There is a dearth of freely available information about Lady Cynthia Asquith on the internet. Wikipedia has a short entry, as does The Diary Junction; and the garish-looking Fantastic Fiction website has a bibliography. The Liberal England blog tells a cute story about how Lady Cynthia did in 1957 what Judith Keppel became famous for in 2000 - being an aristocrat and winning a big TV quiz prize!
Cynthia Charteris was born in 1887. In 1910 she married Herbert Asquith (the son of Herbert Henry Asquith, Prime Minister at the time) and they had three children. She is most well known, perhaps, for being private secretary to the author J M Barrie and for inheriting a large part of his fortune. She herself wrote for children, as well as horror/fantasy stories, and books of reminiscences. She died on 31 March 1960 - half a century ago today.
At the suggestion of a friend, she began to keep a diary during the First World War. This was published by Hutchinson, but not until 1968, as Lady Cynthia Asquith Diaries 1915-1918 - with a foreword by her lifelong friend L P Hartley.
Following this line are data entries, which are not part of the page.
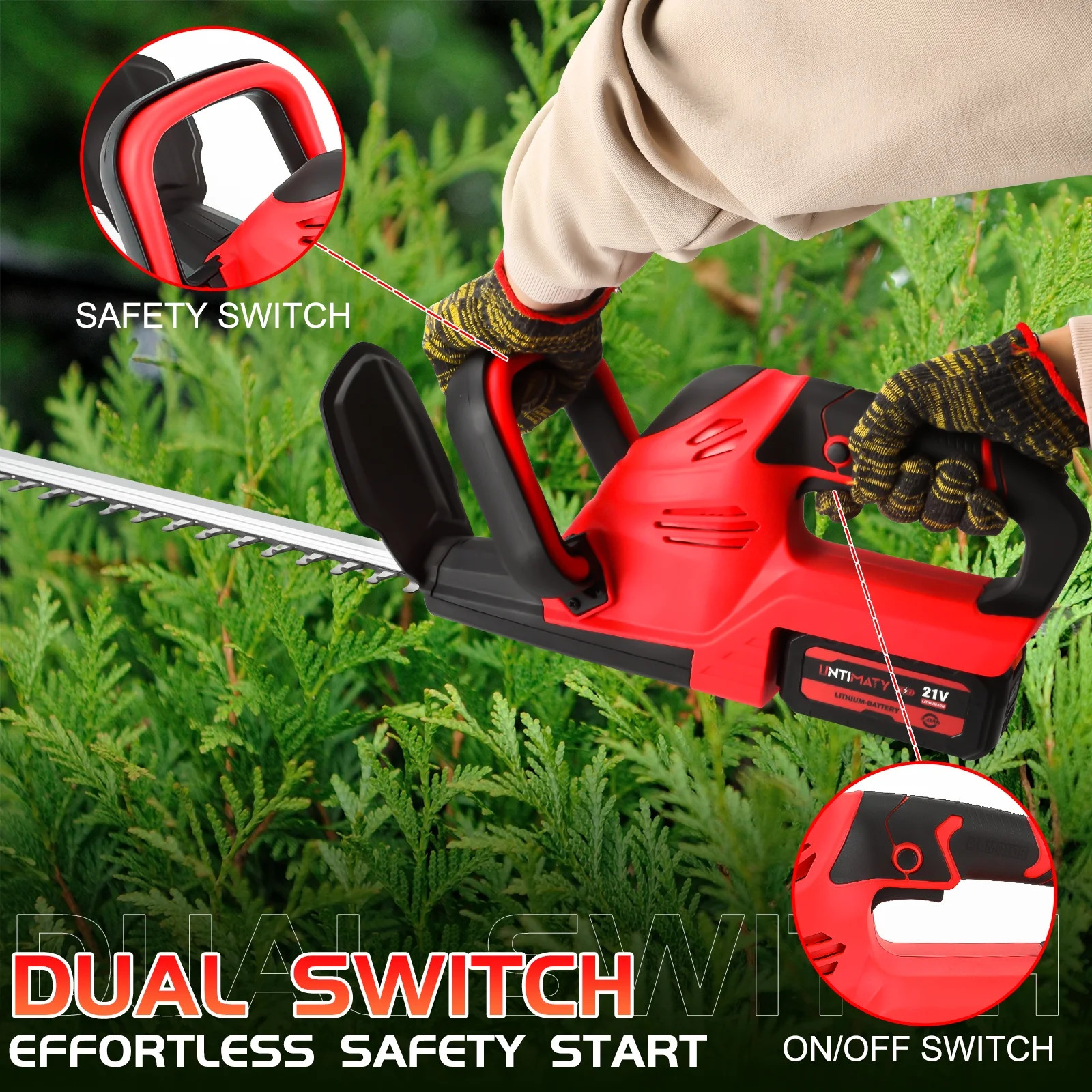 22'' Electric Hedge Trimmer Cordless Power Hedge Trimmer with 2Battery & Charger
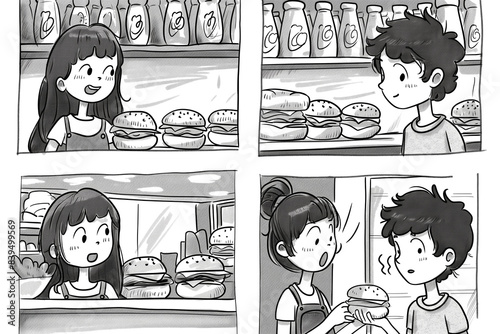 Kids buying burgers in playful comic strip panels, monochrome illustration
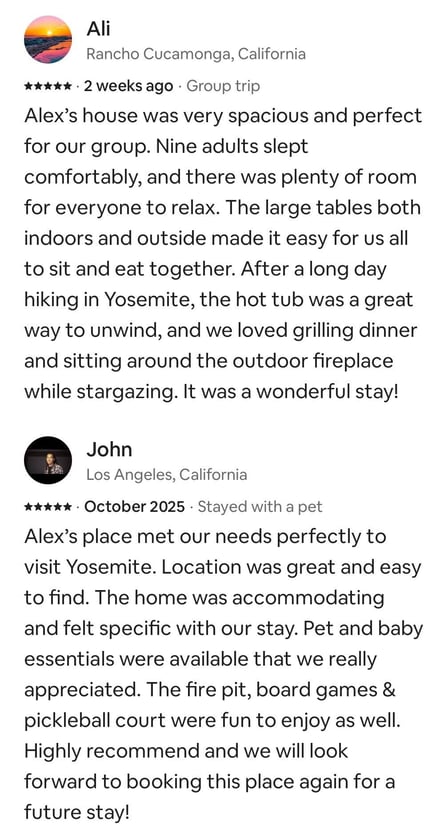 A screenshot of two positive reviews from past guests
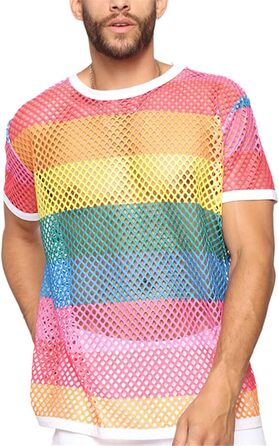 Чоловіча футболка з сітки з ефектом прозорості у стилі ретро, кольорова сітка, футболка у стилі хіп-хоп, футболка з мереживом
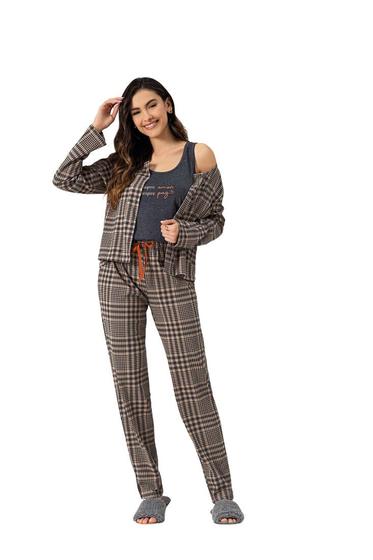 Imagem de Pijama inverno trio regata calca e camisa lua encantada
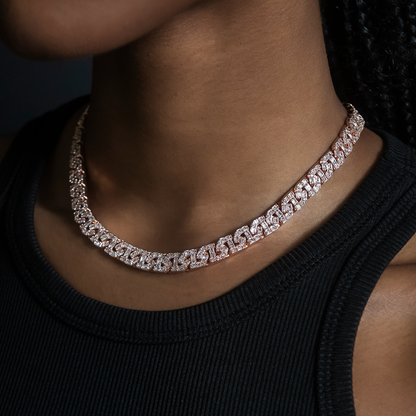 Baguette Chain Link Necklace in Rose Gold- 8mm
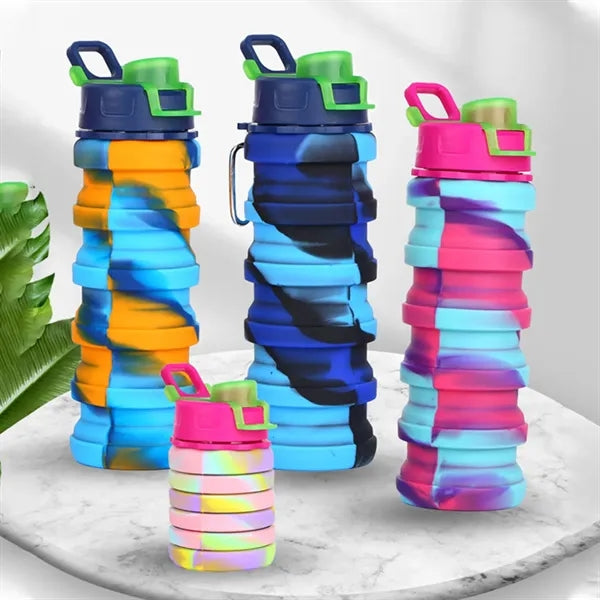 17 oz Collapsible Silicone Water Bottle with Carabiner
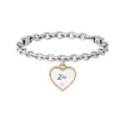 Kidult - Bracciale Acciaio 316L - Cuore Satinato - Cristallo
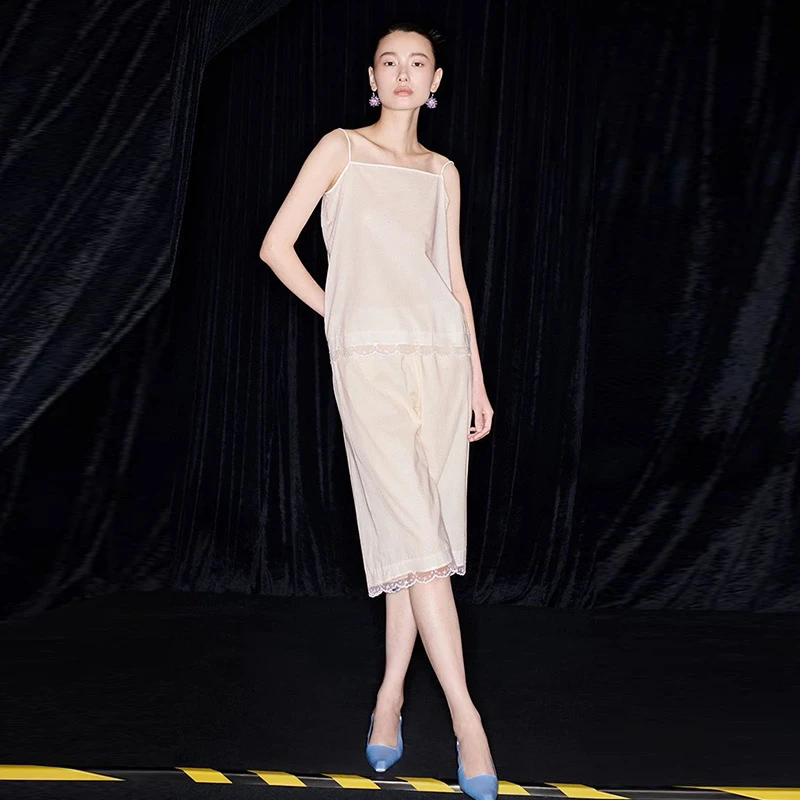 M essential 马 凯 薄款百搭基础花边吊带上衣中裤套装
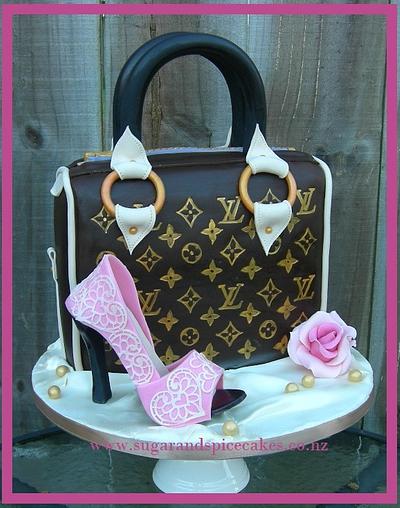 Louis Vuitton inspired Handbag cake with lace covered Sugar Shoe ~ - Cake by Mel_SugarandSpiceCakes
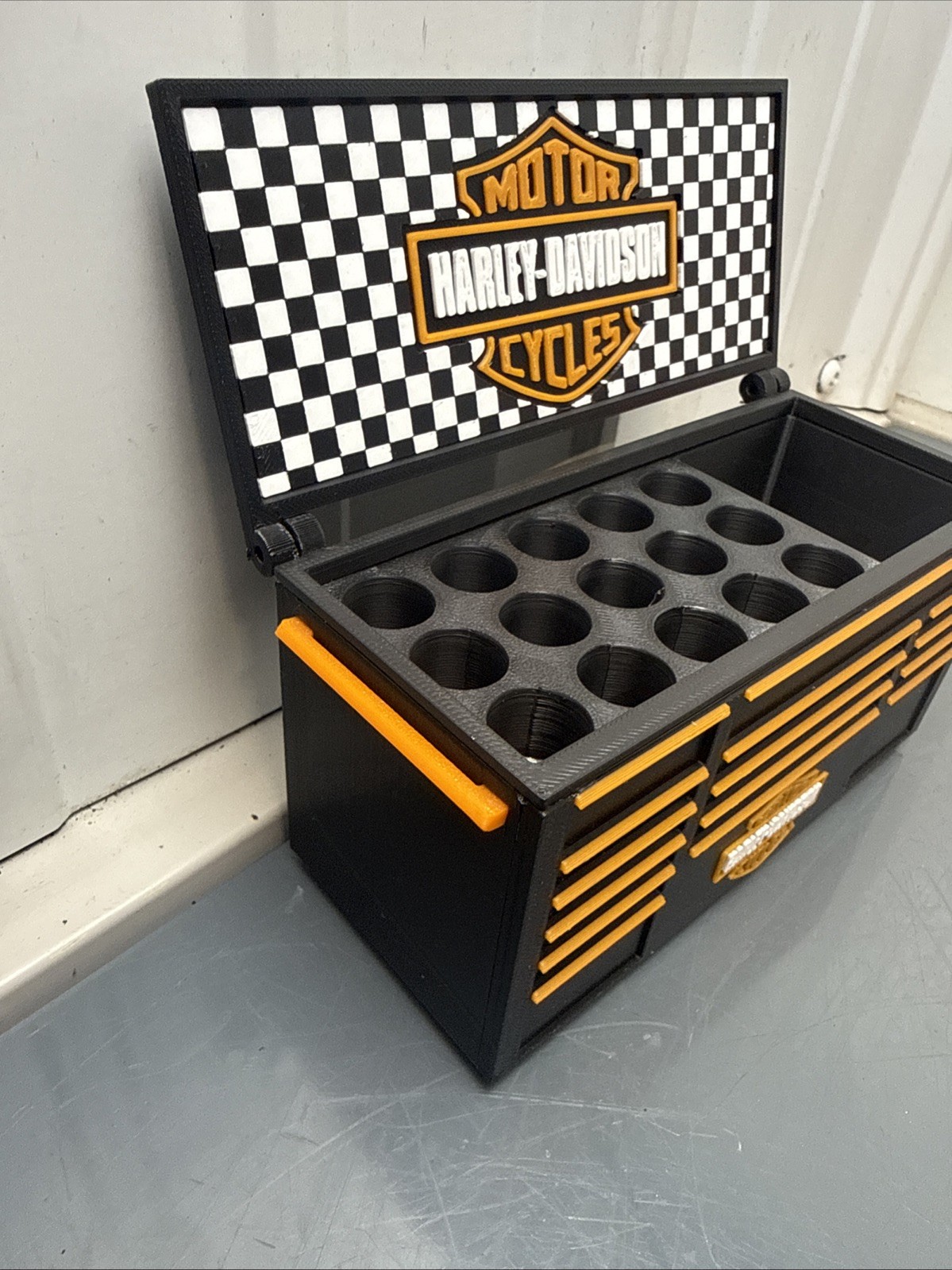 Harley Davidson Tool Box Pen Holder Garage Desk Organizer Man Cave Decor Gift
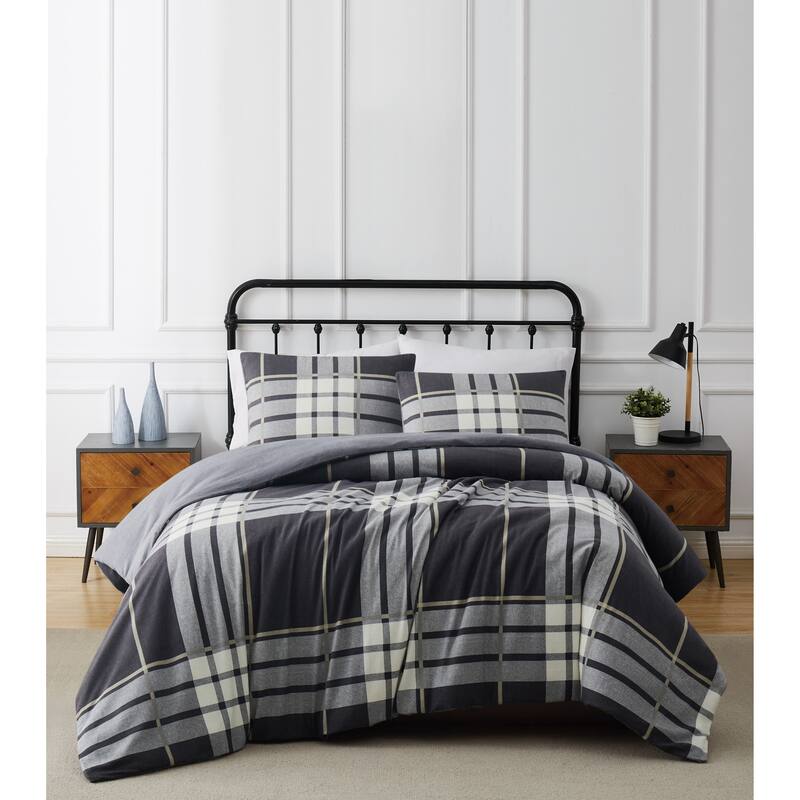 Truly Soft Printed Cotton Flannel Comforter Set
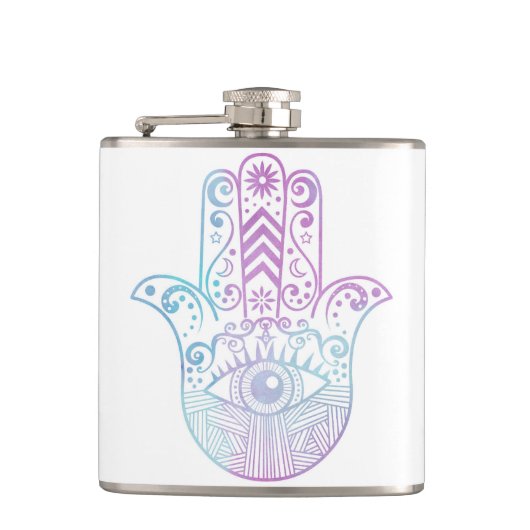 Hamsa Handlila und blauer Watercolor Flachmann (Vorderseite)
He wrote: ‘Lady Cynthia was one of the most fascinatingly beautiful women of her time - painted for love by McEvoy, Sargent, and Augustus John - and her lively wit and sensitivity of intelligence made her the treasured confidante of such diverse characters as D H Lawrence and Sir James Barrie, but when she died in 1960 she left a new generation to discover yet another of her gifts - as a rarely talented diarist. . .’
Hartley gives three reasons for the ‘value and fascination’ of
her diary: ‘Familiar figures cross her pages, often in ‘undress’, and a pulsing cross-section of the society of her time is shown. . . Secondly, the diary is also the story of the end of an era, symbolised perhaps in the curious anachronism of the Viceregal court in Dublin she describes with such delicious malice. . . And, finally, it is the unconscious analysis of a family and a woman’s identity - developing, maturing, changing, and almost completely breaking under the pressure of the most disastrous events that any generation had ever known.’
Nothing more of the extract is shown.